▶ _EXERCISE REQUIREMENTS_
Exclude the pictures, then repeat the remaining data exactly.

▶ _RECORD SET_
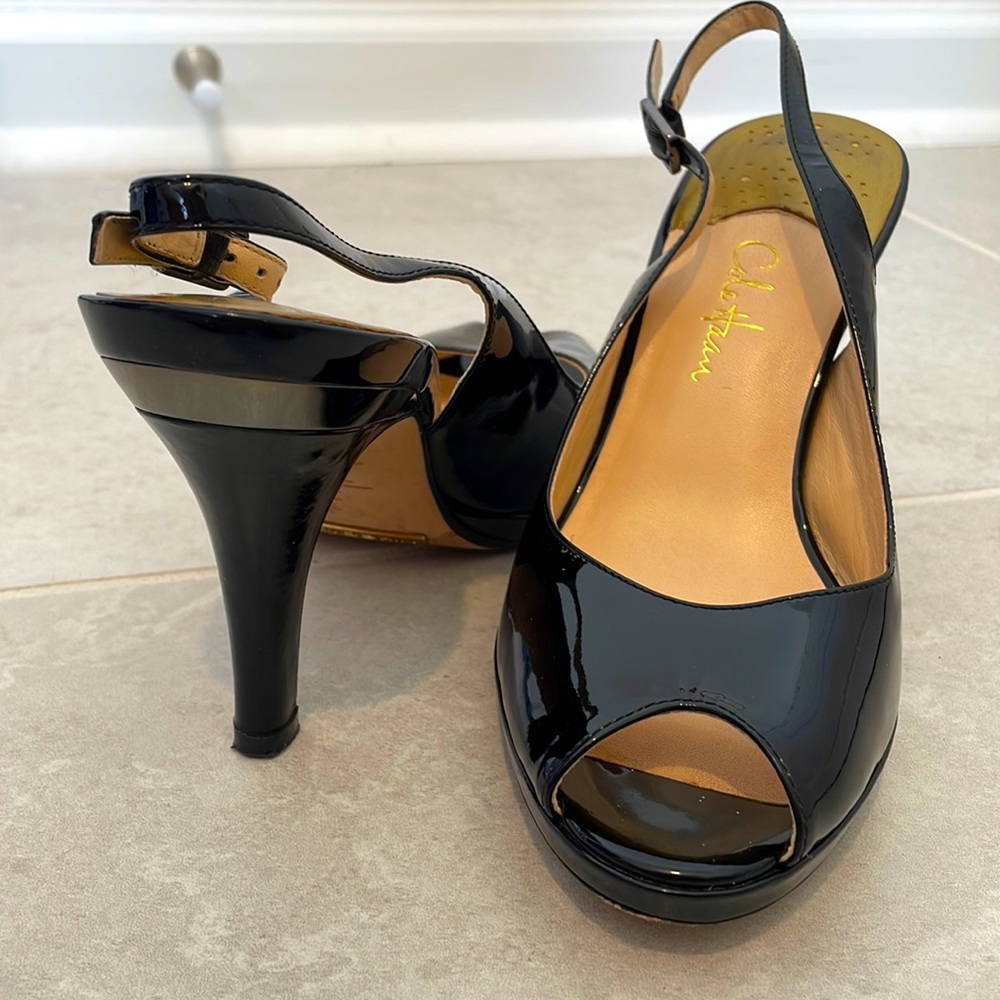 Black Patent Peep-Toe Cole Haan High Heels
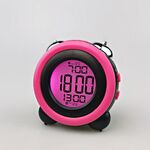 0705 Big Volume Semplice Sveglia tridimensionale tridimensionale MUTE Orologio elettronico luminoso (guscio nero rosa)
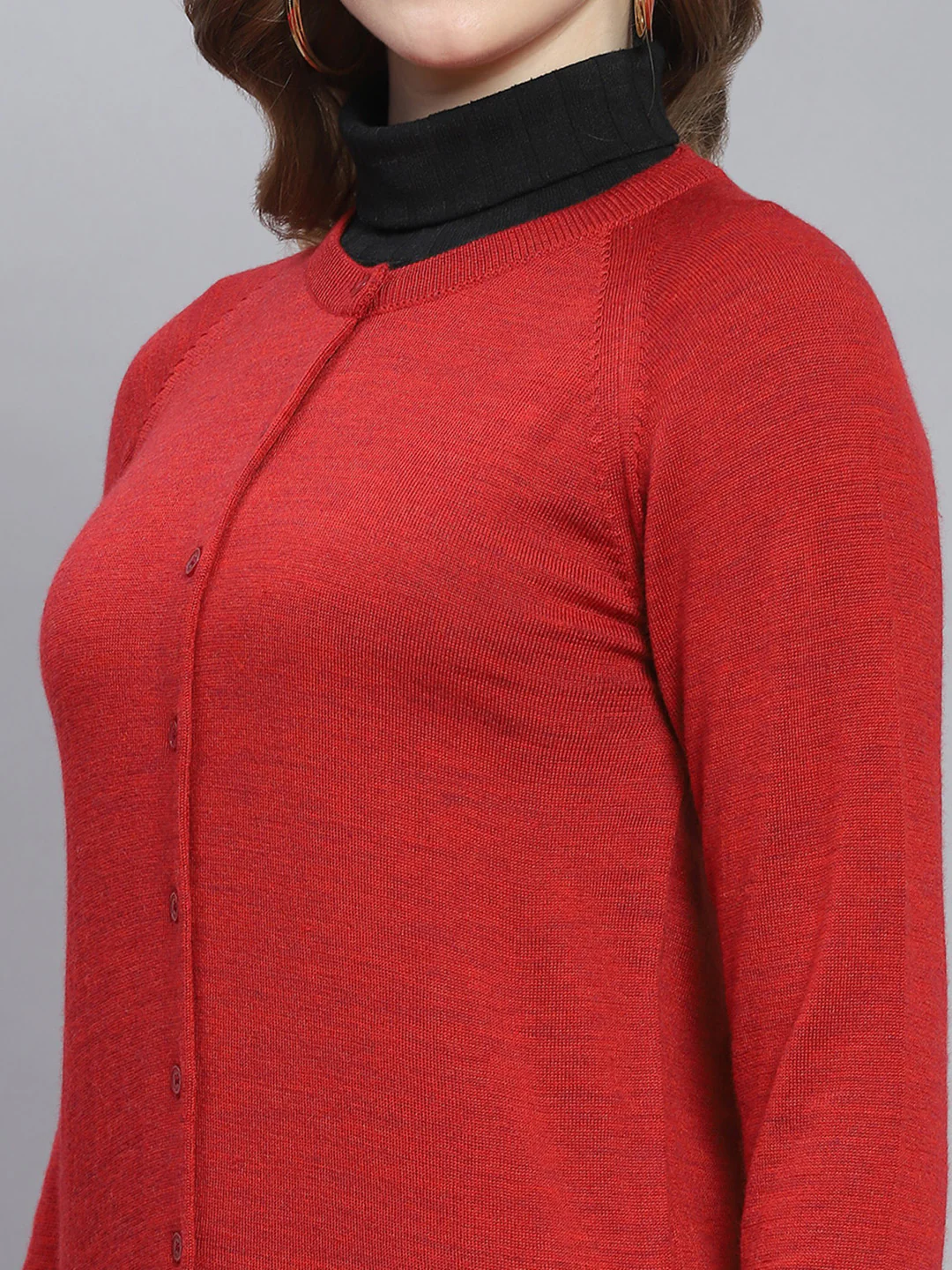 Women Red Solid Round Neck Full Sleeve Cardigans - Image 6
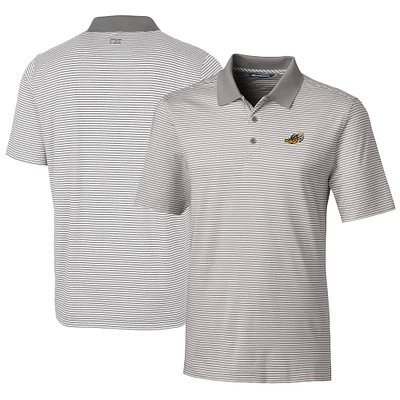 Men's Cutter & Buck Gray Akron RubberDucks Big Tall Forge Tonal Stripe Stretch Polo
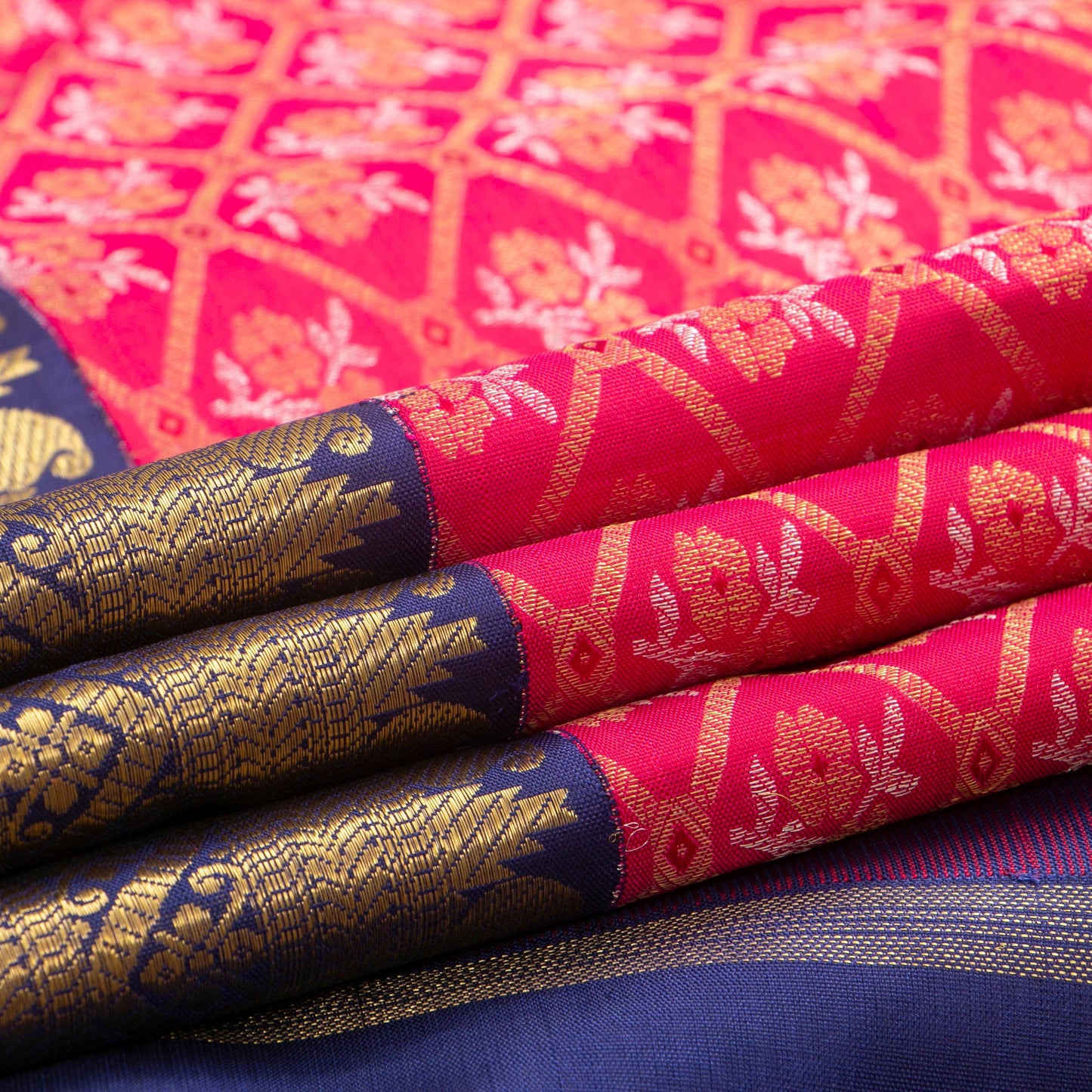 Pink And Navy Blue Kanchipuram Silk Saree For Wedding Wear PV NYC 1384 - Silk Sari - Panjavarnam PV NYC 1384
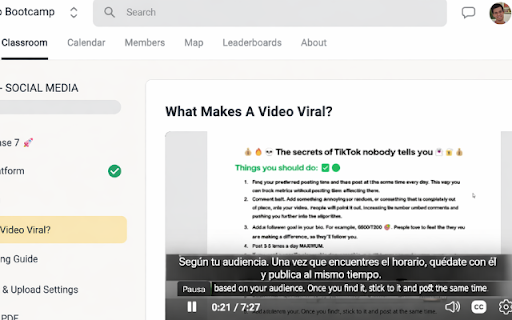 Traductor de Videos skool :: Traduce al idioma que elijas los subtítulos de videos en Skool.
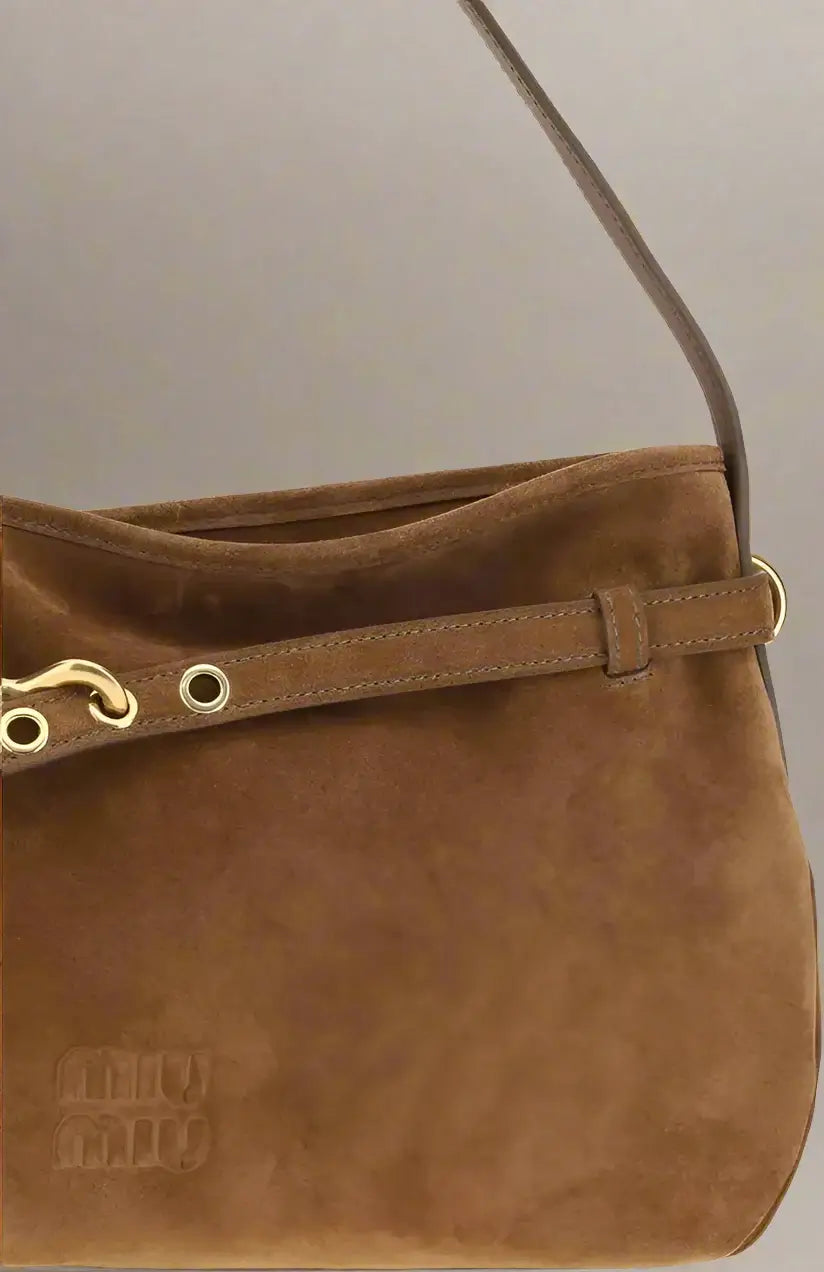 MIU MIU Aventure brown Suede Shoulder Bag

▶ _ANSWER SPACE_
 Black Patent Peep-Toe Cole Haan High Heels
 0705 Big Volume Semplice Sveglia tridimensionale tridimensionale MUTE Orologio elettronico luminoso (guscio nero rosa)
 Women Red Solid Round Neck Full Sleeve Cardigans - Image 6
 Men's Cutter & Buck Gray Akron RubberDucks Big Tall Forge Tonal Stripe Stretch Polo
 Pink And Navy Blue Kanchipuram Silk Saree For Wedding Wear PV NYC 1384 - Silk Sari - Panjavarnam PV NYC 1384
 Traductor de Videos skool :: Traduce al idioma que elijas los subtítulos de videos en Skool.
 MIU MIU Aventure brown Suede Shoulder Bag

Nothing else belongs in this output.